Work instruction
From the line below that contains "Neutral white child" to the line that contains "2 tornillos magnéticos", repeat every line exactly, both ends included, and nothing else.

Material for this task
★ ★ ★ ★ ★

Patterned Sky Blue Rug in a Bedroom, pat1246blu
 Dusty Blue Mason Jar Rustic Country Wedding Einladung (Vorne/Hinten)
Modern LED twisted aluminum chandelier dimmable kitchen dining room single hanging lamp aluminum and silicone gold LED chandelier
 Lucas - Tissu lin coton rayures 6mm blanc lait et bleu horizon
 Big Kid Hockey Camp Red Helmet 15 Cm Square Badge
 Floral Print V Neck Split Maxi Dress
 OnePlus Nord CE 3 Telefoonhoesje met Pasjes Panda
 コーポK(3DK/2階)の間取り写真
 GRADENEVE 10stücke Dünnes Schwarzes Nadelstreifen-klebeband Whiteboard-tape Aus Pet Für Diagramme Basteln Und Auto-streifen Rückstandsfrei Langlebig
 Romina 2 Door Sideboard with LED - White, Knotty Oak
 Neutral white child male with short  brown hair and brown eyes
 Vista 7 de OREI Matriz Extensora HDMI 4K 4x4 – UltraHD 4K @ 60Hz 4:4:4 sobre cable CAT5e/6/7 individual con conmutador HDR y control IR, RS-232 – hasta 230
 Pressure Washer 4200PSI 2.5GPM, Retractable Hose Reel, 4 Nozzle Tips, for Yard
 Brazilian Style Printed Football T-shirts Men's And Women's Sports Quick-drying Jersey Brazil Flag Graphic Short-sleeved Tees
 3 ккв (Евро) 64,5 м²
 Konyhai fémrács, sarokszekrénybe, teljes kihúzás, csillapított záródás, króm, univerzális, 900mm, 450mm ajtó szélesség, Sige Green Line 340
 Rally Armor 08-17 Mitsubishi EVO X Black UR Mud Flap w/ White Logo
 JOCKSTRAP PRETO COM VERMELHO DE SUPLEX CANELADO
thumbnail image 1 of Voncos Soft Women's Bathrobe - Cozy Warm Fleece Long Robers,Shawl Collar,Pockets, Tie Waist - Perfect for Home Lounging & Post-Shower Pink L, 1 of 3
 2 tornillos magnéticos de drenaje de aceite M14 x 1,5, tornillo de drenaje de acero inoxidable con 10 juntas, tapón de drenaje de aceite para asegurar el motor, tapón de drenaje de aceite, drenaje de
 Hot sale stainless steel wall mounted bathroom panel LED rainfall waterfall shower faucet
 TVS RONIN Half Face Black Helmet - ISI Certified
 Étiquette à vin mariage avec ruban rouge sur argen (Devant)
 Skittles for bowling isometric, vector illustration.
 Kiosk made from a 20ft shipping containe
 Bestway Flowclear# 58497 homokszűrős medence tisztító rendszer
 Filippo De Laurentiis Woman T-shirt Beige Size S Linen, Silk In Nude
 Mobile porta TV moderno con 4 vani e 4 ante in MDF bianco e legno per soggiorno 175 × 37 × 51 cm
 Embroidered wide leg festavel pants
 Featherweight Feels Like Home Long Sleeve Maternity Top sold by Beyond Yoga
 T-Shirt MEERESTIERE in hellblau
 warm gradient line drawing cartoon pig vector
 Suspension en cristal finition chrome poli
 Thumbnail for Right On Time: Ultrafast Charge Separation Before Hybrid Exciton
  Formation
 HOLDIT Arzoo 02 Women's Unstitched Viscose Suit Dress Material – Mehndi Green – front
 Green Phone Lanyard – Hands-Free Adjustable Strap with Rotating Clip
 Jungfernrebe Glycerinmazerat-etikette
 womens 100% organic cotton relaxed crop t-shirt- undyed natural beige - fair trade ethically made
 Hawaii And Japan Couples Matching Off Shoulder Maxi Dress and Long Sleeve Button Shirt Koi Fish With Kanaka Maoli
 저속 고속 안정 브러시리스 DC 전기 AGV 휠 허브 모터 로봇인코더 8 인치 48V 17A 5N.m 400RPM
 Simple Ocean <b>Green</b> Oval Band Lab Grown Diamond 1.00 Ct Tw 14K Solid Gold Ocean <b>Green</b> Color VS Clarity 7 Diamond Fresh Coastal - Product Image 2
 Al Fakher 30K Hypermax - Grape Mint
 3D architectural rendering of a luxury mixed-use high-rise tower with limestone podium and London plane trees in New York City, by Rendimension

★ ★ ★ ★ ★

Expected answer
 Neutral white child male with short  brown hair and brown eyes
 Vista 7 de OREI Matriz Extensora HDMI 4K 4x4 – UltraHD 4K @ 60Hz 4:4:4 sobre cable CAT5e/6/7 individual con conmutador HDR y control IR, RS-232 – hasta 230
 Pressure Washer 4200PSI 2.5GPM, Retractable Hose Reel, 4 Nozzle Tips, for Yard
 Brazilian Style Printed Football T-shirts Men's And Women's Sports Quick-drying Jersey Brazil Flag Graphic Short-sleeved Tees
 3 ккв (Евро) 64,5 м²
 Konyhai fémrács, sarokszekrénybe, teljes kihúzás, csillapított záródás, króm, univerzális, 900mm, 450mm ajtó szélesség, Sige Green Line 340
 Rally Armor 08-17 Mitsubishi EVO X Black UR Mud Flap w/ White Logo
 JOCKSTRAP PRETO COM VERMELHO DE SUPLEX CANELADO
thumbnail image 1 of Voncos Soft Women's Bathrobe - Cozy Warm Fleece Long Robers,Shawl Collar,Pockets, Tie Waist - Perfect for Home Lounging & Post-Shower Pink L, 1 of 3
 2 tornillos magnéticos de drenaje de aceite M14 x 1,5, tornillo de drenaje de acero inoxidable con 10 juntas, tapón de drenaje de aceite para asegurar el motor, tapón de drenaje de aceite, drenaje de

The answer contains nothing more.